Direct HSR service connecting Paris with Berlin, to be operated with ICE and TGV equipment coming next year (2023)

The distance is similar to Boston to Richmond. It won't be exactly Chinese style HSR. It will clock in at 7 hours suggesting there will be some significant running on upgraded classic tracks somewhere enroute...









A New High-Speed Train Between Berlin and Paris Is Coming Next Year


Willkommen, Bienvenu, Welcome: You’ll soon be able to travel smoothly from one city to the other in just seven hours.




robbreport.com


----------



## jiml (Jun 2, 2022)

It's not an earth-shattering development since a same-day trip only slightly longer was possible with a connection, however the news is a French TGV running that far into Germany. (DB already served Paris.) Thanks for sharing.


----------



## Devil's Advocate (Jun 2, 2022)

jiml said:


> It's not an earth-shattering development since a same-day trip only slightly longer was possible with a connection, however *the news is a French TGV running that far into Germany*. (DB already served Paris.) Thanks for sharing.

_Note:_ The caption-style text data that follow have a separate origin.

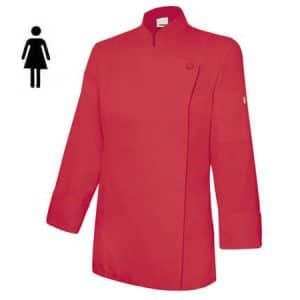chaquetas de cocina mujer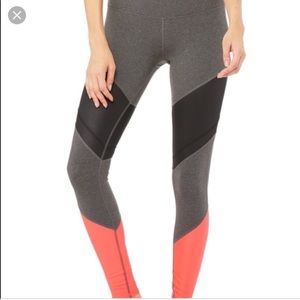 Alo long workout pants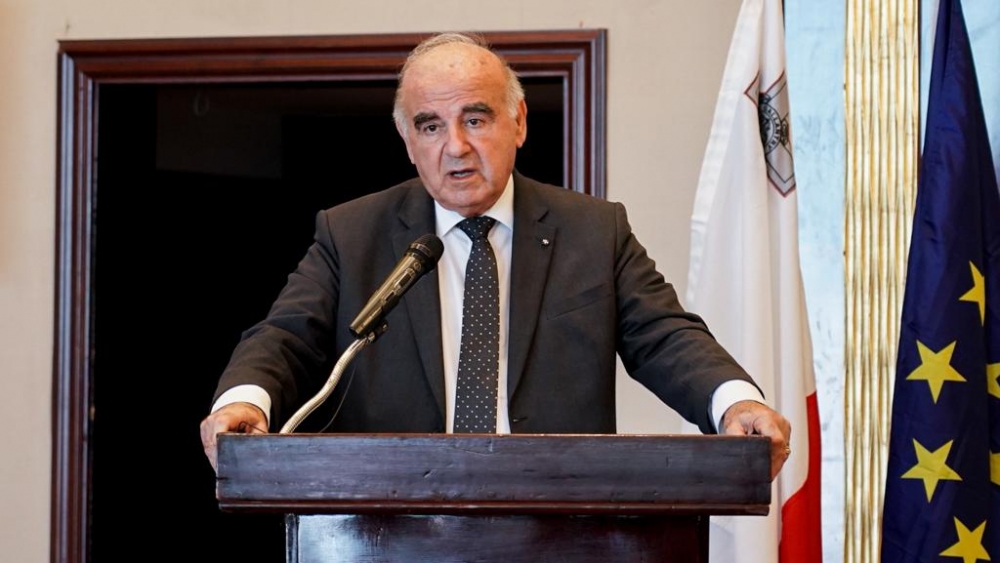 [WATCH] President non-committal on abortion amendment, says he will wait for final wording
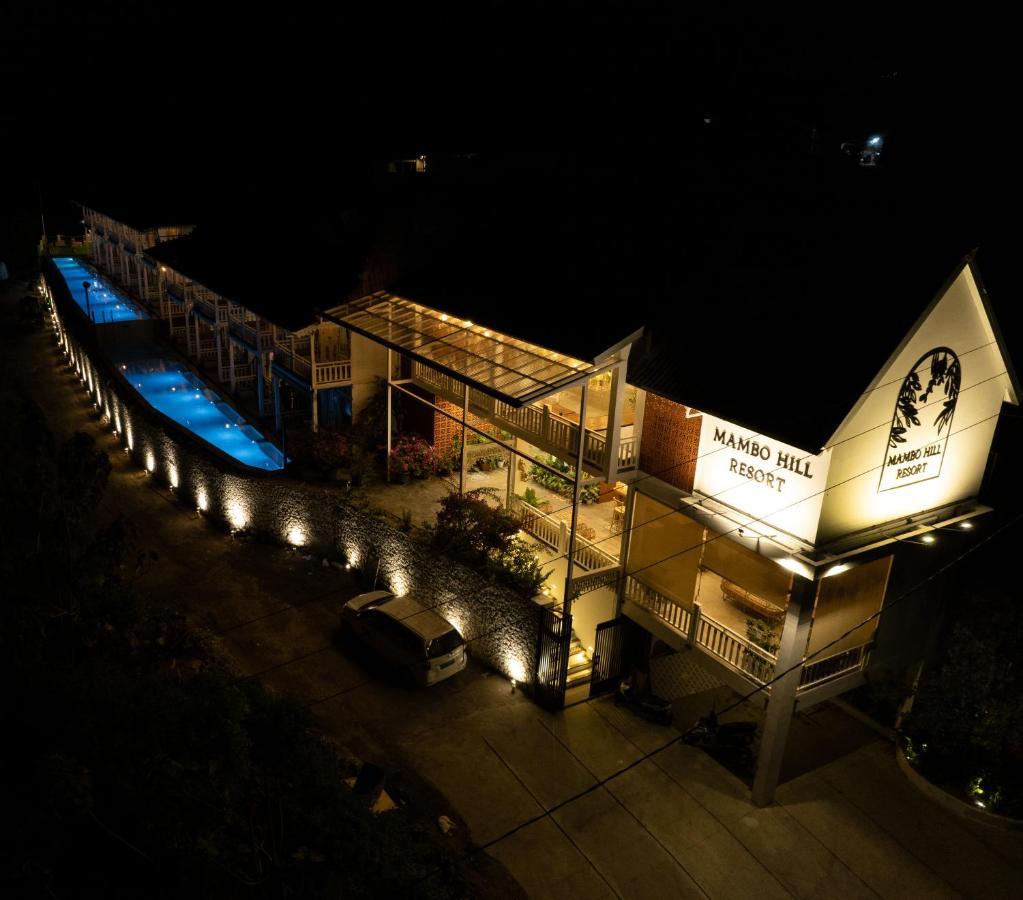 Mambo Hill Resort Ped 외부 사진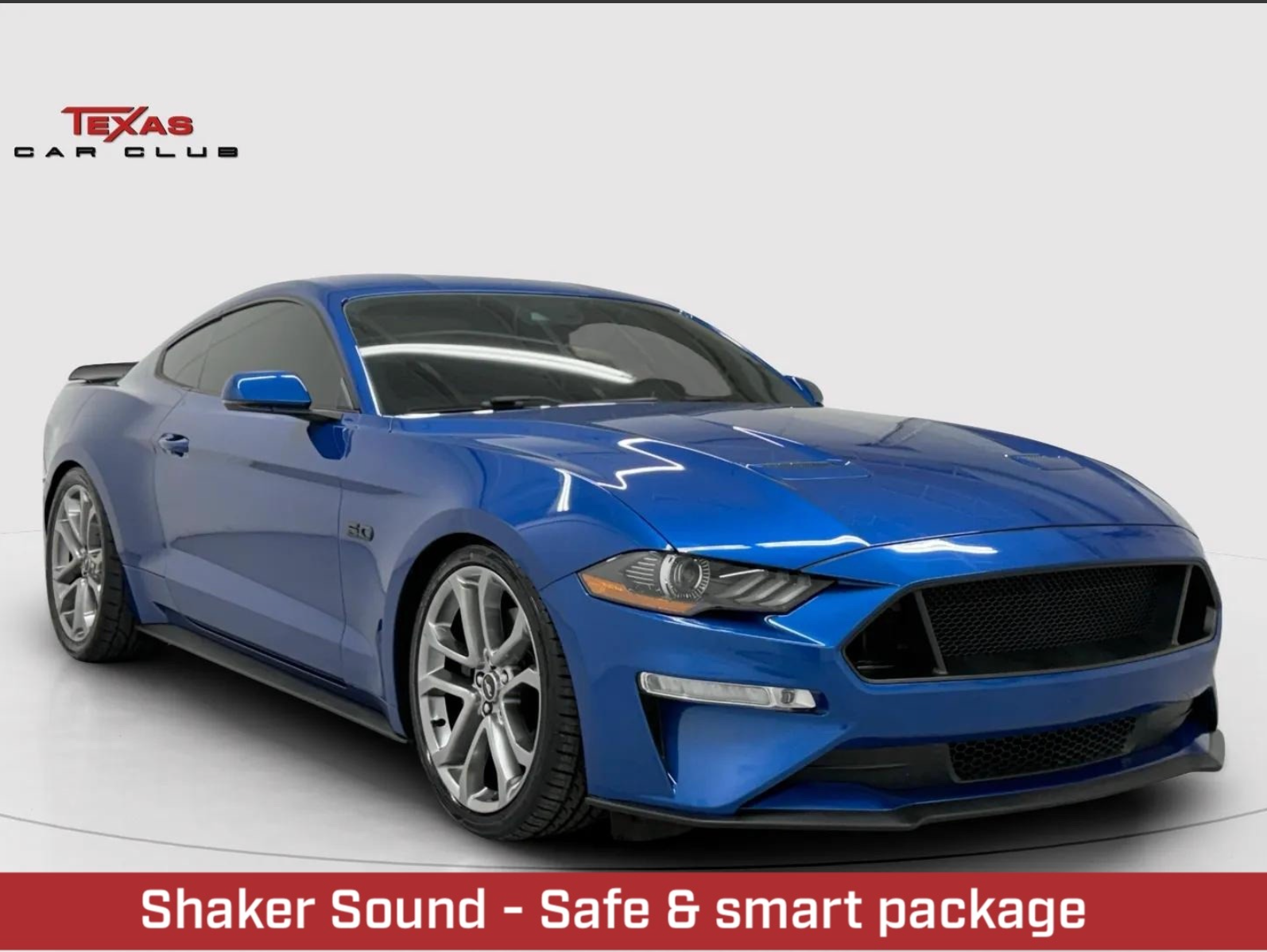 2018 Ford Mustang GT Premium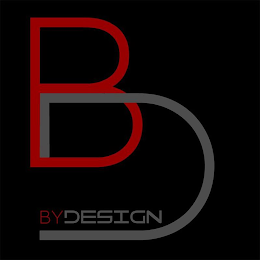BD BYDESIGN logo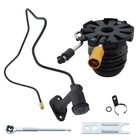Pre Bled Clutch Master Cylinder Kit For Ford F150 F250 F350 1993 1997 Cc649014
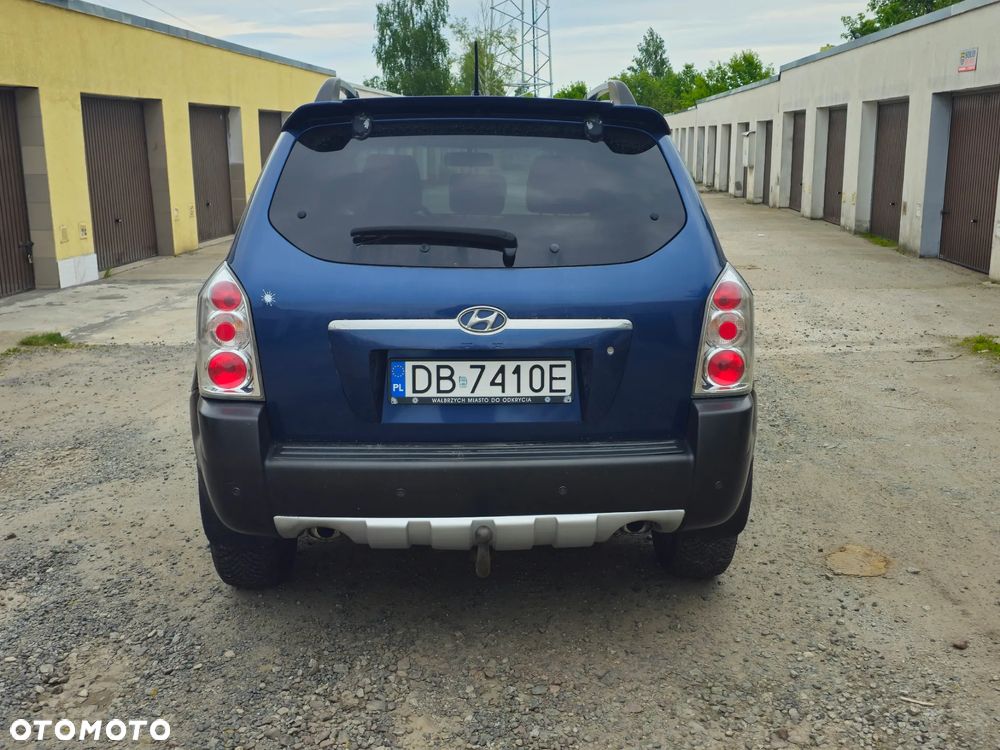 Hyundai Tucson - 4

I took a _French_ TGV to a _German_ Munich back in the mid-2010's but I guess it's about 100mi more.


----------



## jiml (Jun 2, 2022)

Devil's Advocate said:


> I took a _French_ TGV to a _German_ Munich back in the mid-2010's but I guess it's about 100mi more.


I was just going with the current schedule, which may have been reduced due to Covid. There were a couple of mid-points, such as Frankfurt and Karlsruhe, where TGVs run regularly but I didn't see much further. Still AFAIK Berlin will be a first.


----------



## Shawn Ryu (Jun 5, 2022)

Must be nice.


----------



## cirdan (Jun 13, 2022)

jis said:


> Direct HSR service connecting Paris with Berlin, to be operated with ICE and TGV equipment coming next year (2023)
> 
> The distance is similar to Boston to Richmond. It won't be exactly Chinese style HSR. It will clock in at 7 hours suggesting there will be some significant running on upgraded classic tracks somewhere enroute...
> 
> ...



On the French side there is a high-speed route that runs almost all the way to the German border. 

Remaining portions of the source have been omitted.